L'histoire est étrange et je sais qu'on me le reprochera. En fait je n'en suis pas responsable. Il est vrai que beaucoup de faits se sont accumulés et que mon cas semble s'alourdir à chaque fois que je m'y penche. Depuis plusieurs mois déjà je suis pestiféré. Non pas contagieux mais évité comme si les autres animaux me fuyaient de peur d'être vu en ma compagnie. Je crache du mazout quand on me demande de mes nouvelles, j'ai entendu dire qu'après m'avoir parlé il fallait se détacher et que ce n'était pas toujours aussi simple que dans une réclame.
Je suis habillé avec des vêtements passés de mode, mon entêtement à refuser la joie est résistant à toutes les drogues qu'ils nous font ingurgiter. Je n'aime pas me plaindre, mon père déjà ne se plaignait pas. Je maintiens mon intérieur propre mais l'extérieur est difficile à contrôler. Je crois qu'il y a des éléments de mon costume qui sont sciemment dégradés pendant que je suis absent ou peut être la nuit je ne sais pas.

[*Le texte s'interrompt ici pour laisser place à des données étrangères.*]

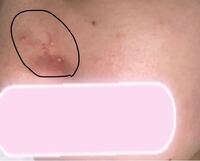 小鼻にたくさんニキビが出来ました 原因あるのでしょうか Yahoo 知恵袋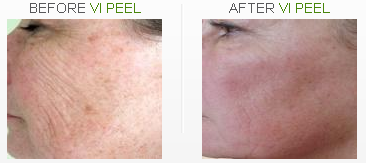 Before After - Vitality Institute - Medical Products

Ma symphonie préférée est celle qui se termine brusquement, je suis le seul à l'aimer. La dernière fois qu'elle a été joué dans notre ville, c'était dans une salle très excentrée et nous étions très peu à l'écouter. Comme à chaque fois, la fin m'a surpris, j'ai ressentis un déchirement, physique, ça m'a fait mal. Il faut dire que je souffre souvent de maux de tête, je suis assez sensible à l'humidité et cette soirée, je m'en souviens, était pluvieuse.

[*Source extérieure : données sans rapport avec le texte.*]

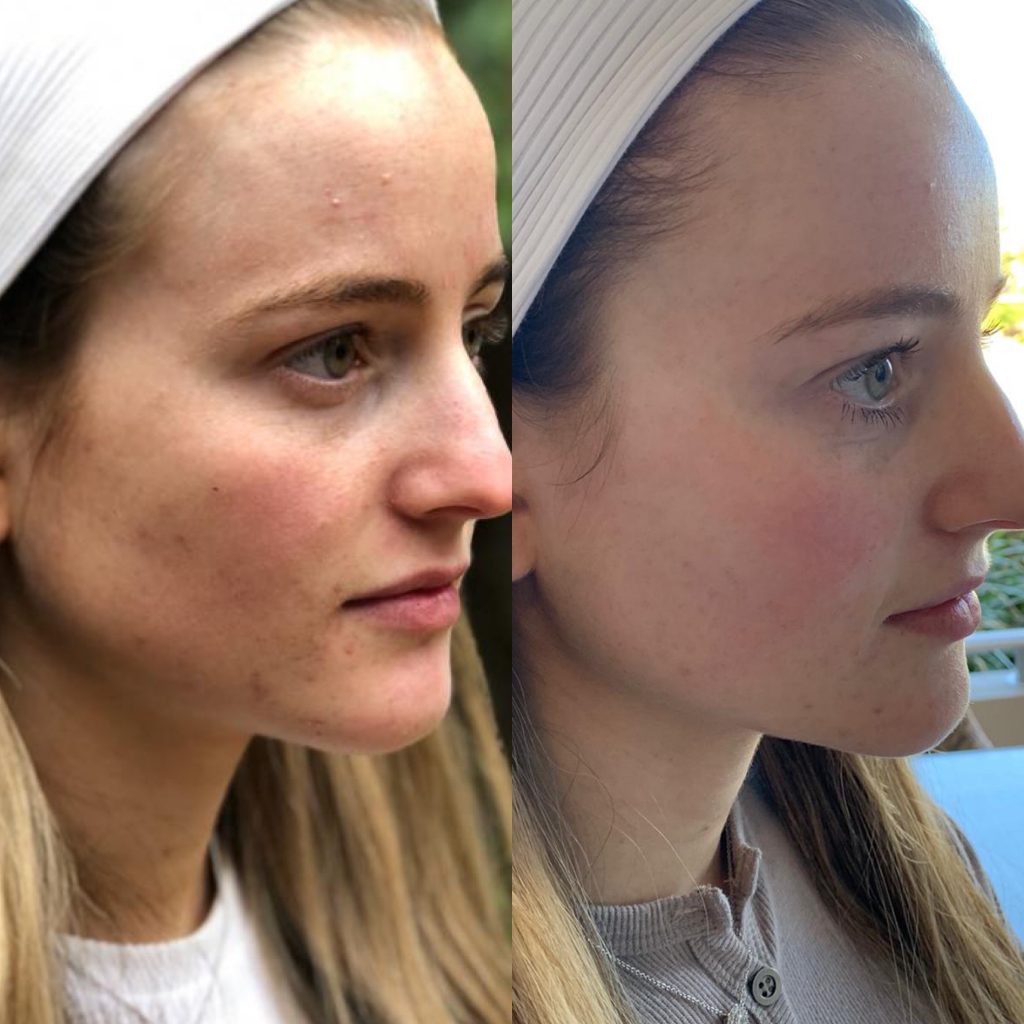 Lumiere Skin Serum before and after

C'est à cette représentation que j'ai rencontré Sylla. Elle était assise juste devant moi et quand je l'ai regardé, j'ai bien vu qu'elle n'avait pas au fond de l'oeil l'aversion ou la peur qu'il y a chez les autres. Je ne l'ai pas abordé et elle a pris un taxi. Toute la nuit je l'ai passée à rêver d'elle, une rêverie éveillée.

Mais je dois avancer dans le rapport avec eux. Ils sont partout sur mon chemin et je sais que je dois feindre de trouver ça normal. Je dois aussi ne pas voir leur regard qui s'attardent sur mon corps sous les habits.

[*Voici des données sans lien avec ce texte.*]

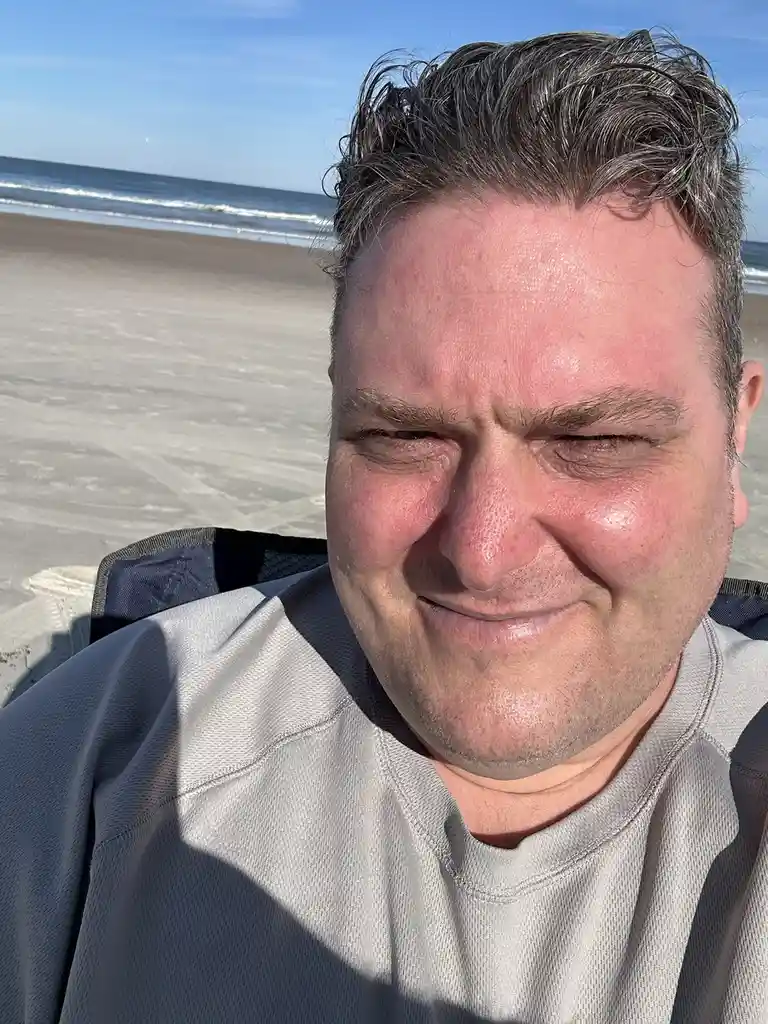 A man with sunburned, red skin and squinting eyes sits on a beach chair, smiling at the camera with a background of ocean…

Sous un groupe d'arbres où les oiseaux se rassemblent. Leur chants mêlés me dissimule. J'ai un avion à prendre mais j'ai décidé de ne pas y aller. Pourtant je hèle un taxi, lui demande de me conduire chez moi. 6, rue des cigognes. Je lui demande de m'attendre. A l'étage ma valise est prête, j'espérais qu'un détail technique me donnerait l'excuse ne ne pas intervenir dans ce colloque. Quand se rendront ils compte que je ne suis plus capable d'assumer mes fonctions.

J'ai eu peur quand le douanier à observé attentivement mon passeport, il m'a regardé attentivement plusieurs fois. J'ai eu froid dans le dos, mais je me souvenais de la cacophonie des oiseaux pour ne pas perdre contenance. Finalement je suis entré dans l'appareil, l'hôte de vol m'a accueilli comme un client de marque. La place que le concepteur a réservé pour mes jambes me rappelle que je suis en classe affaire. Je demande un somnifère et je m'endors.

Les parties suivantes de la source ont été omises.